Extending the blockchain is integral to the process of minting -- or in Bitcoin terminology, "mining" -- new bitcoins. The mining process is built around a mathematical function, called a one-way hash function, that takes three inputs: the last log entry in the blockchain; a new blockchain entry, in which the miner awards him- or herself a fixed number of new bitcoins (currently 12.5); and an integer. The output of the function is a string of 1s and 0s.

Mining consists of trying to find a value for the input integer that results in an output string with a prescribed number of leading 0s -- currently about 72. There's no way to do this except to try out lots of options, and even with a huge bank of servers churning away in the cloud the process typically takes about 10 minutes. And it's a race: Adding a new entry -- or "block" -- to the blockchain invalidates the most recent work of all other miners, who now have to start over using the newly added block as an input.

In addition to assigning the winning miner the latest quota of bitcoins, a new block in the blockchain also records recent transactions by Bitcoin users. Roughly 100,000 commercial vendors in the real world now accept payment in bitcoins. To verify a payment, the payer and vendor simply broadcast a record of their transaction to the Bitcoin network. Miners add the transaction to the blocks they're working on, and when the transaction shows up in the blockchain, it's a matter of public record.

The transaction record also has room for an 80-character text annotation. Eighty characters isn't enough to record, say, all the public keys certified by a public-key cryptography system. But it is enough to record a cryptographic signature verifying that a certification elsewhere on the Internet is legitimate.

Previous schemes for preventing equivocation simply stored such signatures in the annotations of transaction records. Bitcoin's existing security structure prevents tampering with the signatures.

But verifying that a Web service using those schemes wasn't equivocating required examining every transaction in every block of the blockchain -- or at least, every block added since the service first used the scheme to certify a public assertion. It's that verification process that Tomescu and Devadas have refined.

Efficient audits

"Our idea is so simple -- it's embarrassingly simple," Tomescu says.
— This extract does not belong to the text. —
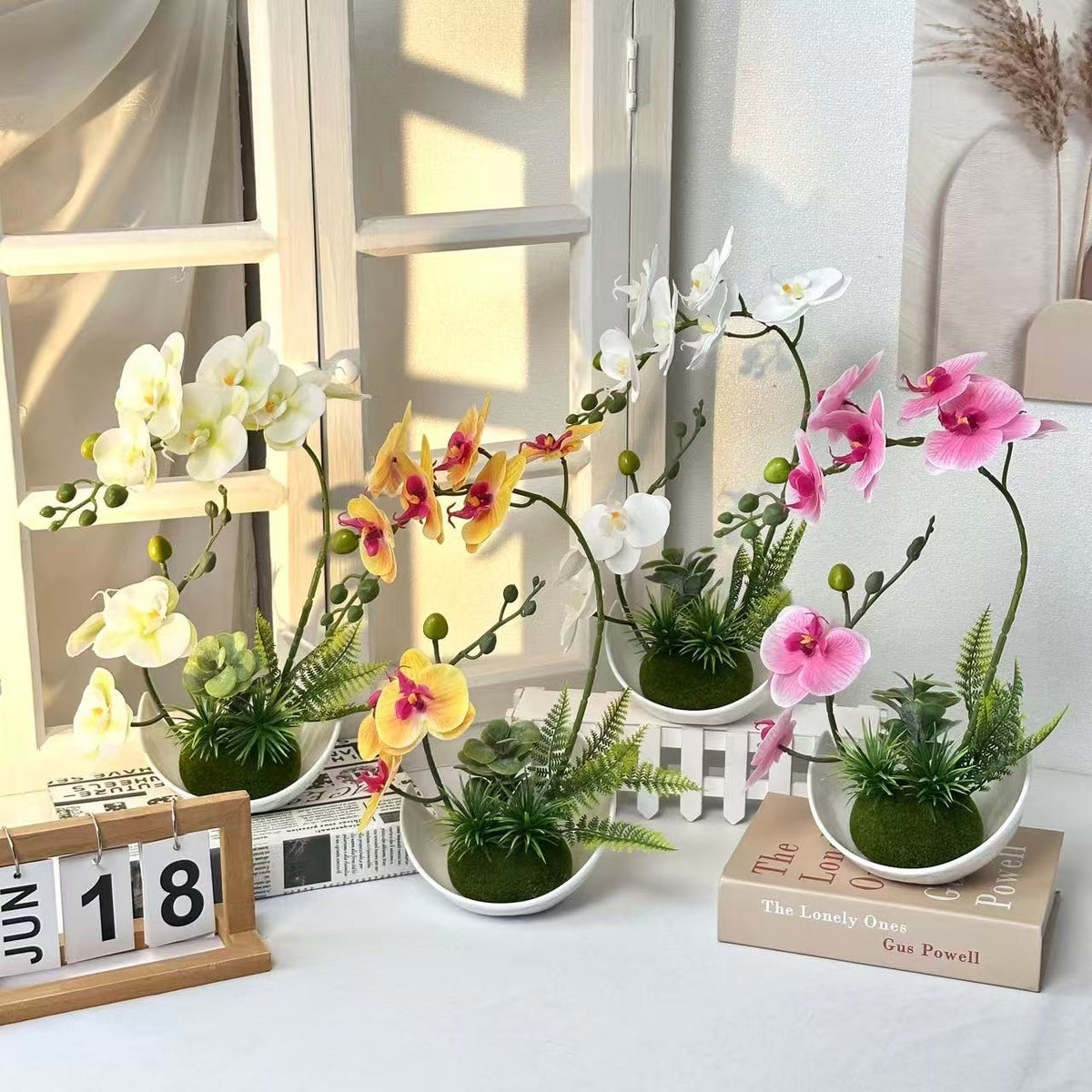 Elegante künstliche Orchideen-Blumenanzeige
The central requirement of Bitcoin is that no one can spend the same bitcoin in more than one place, and the system has cryptographic protocols in place to prevent that from happening.

So Tomescu and Devadas's system -- called Catena -- simply adds the requirement that every Bitcoin transaction that logs a public assertion must involve an actual bitcoin transfer. Users may simply transfer the bitcoin to themselves, but that precludes the possibility of transferring the bitcoin to anyone else in the same block of the blockchain. Consequently, it also precludes equivocation within the block.

To prevent equivocation between blocks, it's still necessary to confirm that the bitcoin that the Catena user spends in one block is the same one that it spent the last time it made a public assertion. But again, because the ability to verify a bitcoin's chain of custody is so central to the success of the whole Bitcoin system, this is relatively easy to do. People who want to use Catena to audit all the public assertions of a given Web service still need to download information from every block of the blockchain. But they need to download only a small cryptographic proof -- about 600 bytes -- for each block, rather than the block's full megabyte of data.